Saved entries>
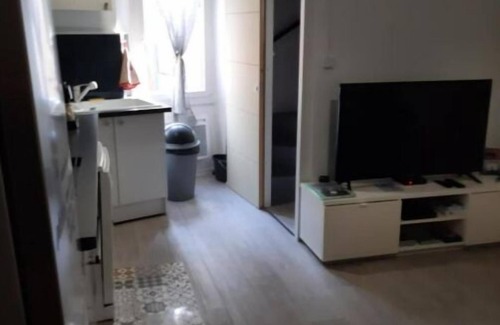 Regusse Apartment | Comfortable apartment near the Sainte Croix lake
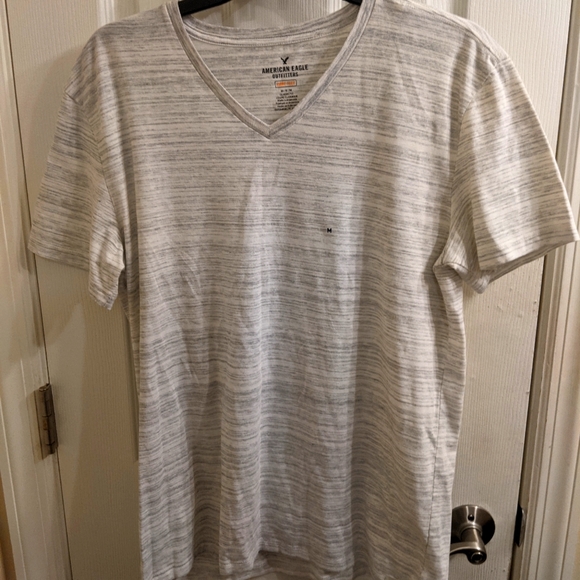 American eagle v-neck - Picture 1 of 1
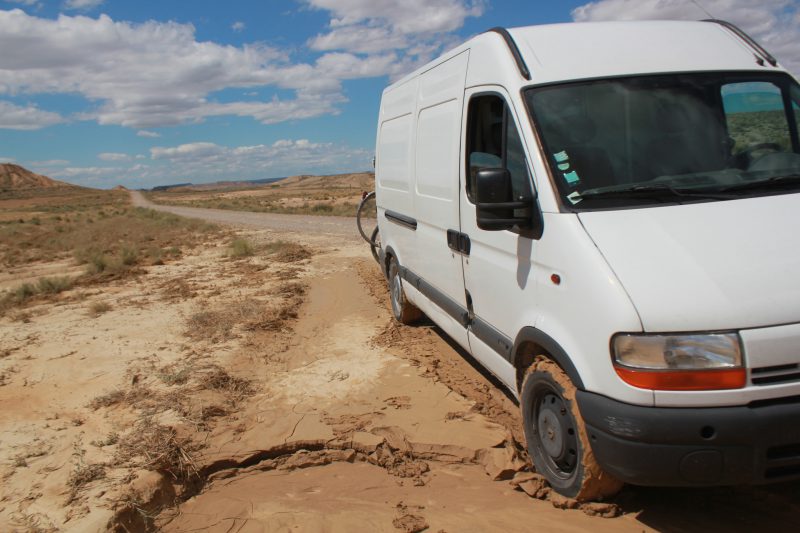 Camion coincé dans la boue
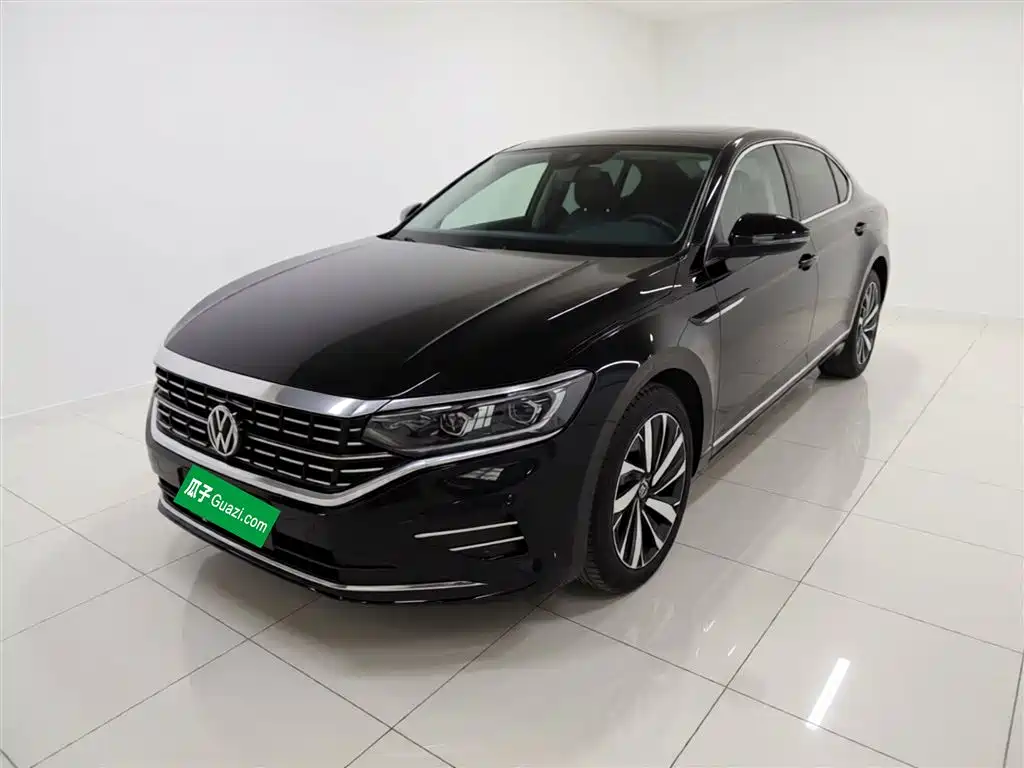 Volkswagen Passat 2023 Facelift 330TSI Luxury Edition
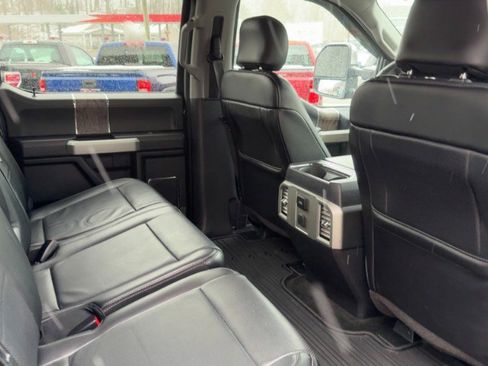 Used 2017 Ford F250 Lariat w/ Chrome Package image 12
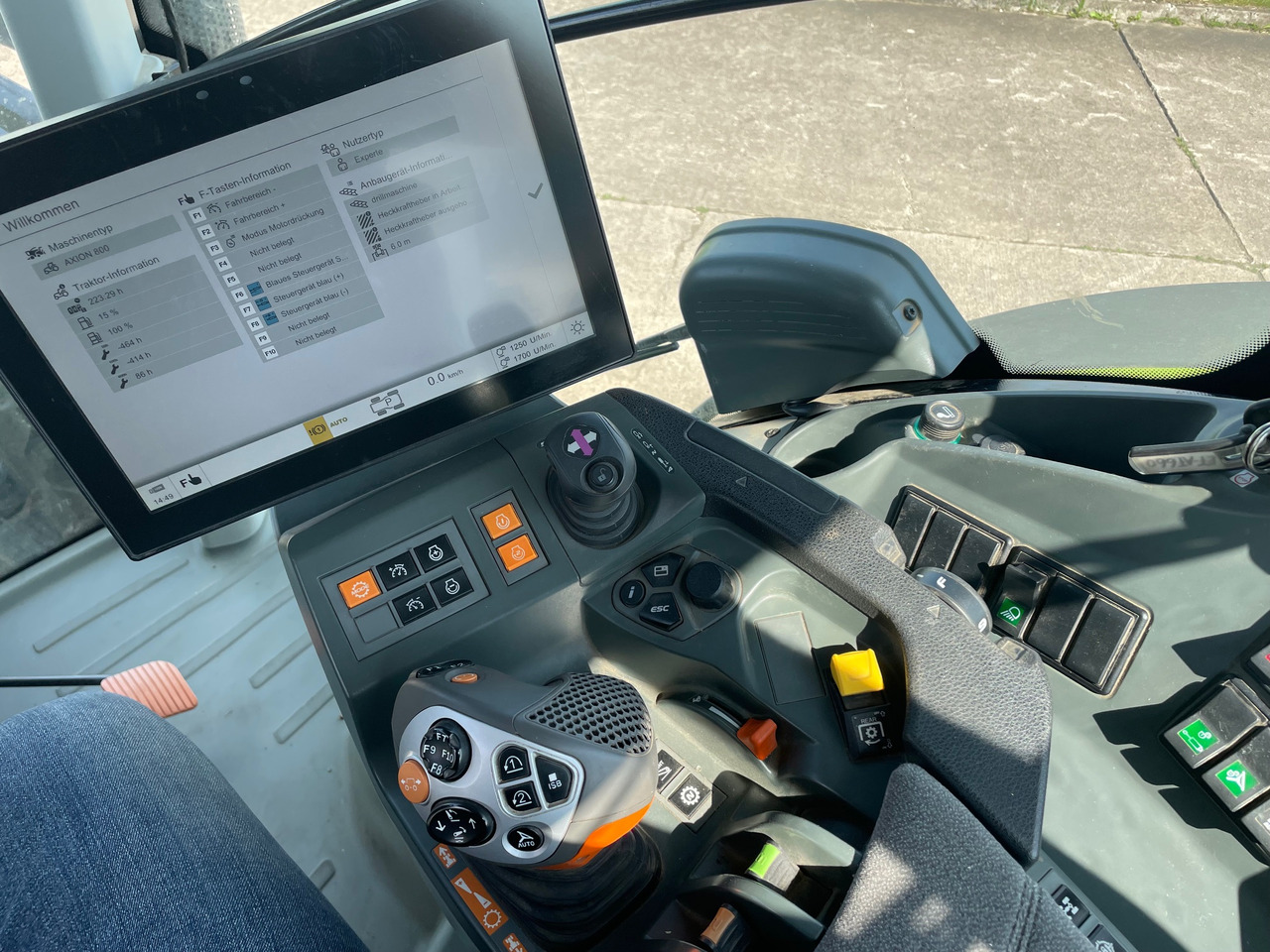 Claas Axion 870 CMATIC - Traktor: slika 3 Claas Axion 870 CMATIC - Traktor: slika 3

REQUIRED ACTION>
A word-for-word copy is required of the lines above from the line with "Used 2017 Ford" through the last line of the data; no other lines and no pictures belong in it.

ANSWER>
 Used 2017 Ford F250 Lariat w/ Chrome Package image 12
 Claas Axion 870 CMATIC - Traktor: slika 3 Claas Axion 870 CMATIC - Traktor: slika 3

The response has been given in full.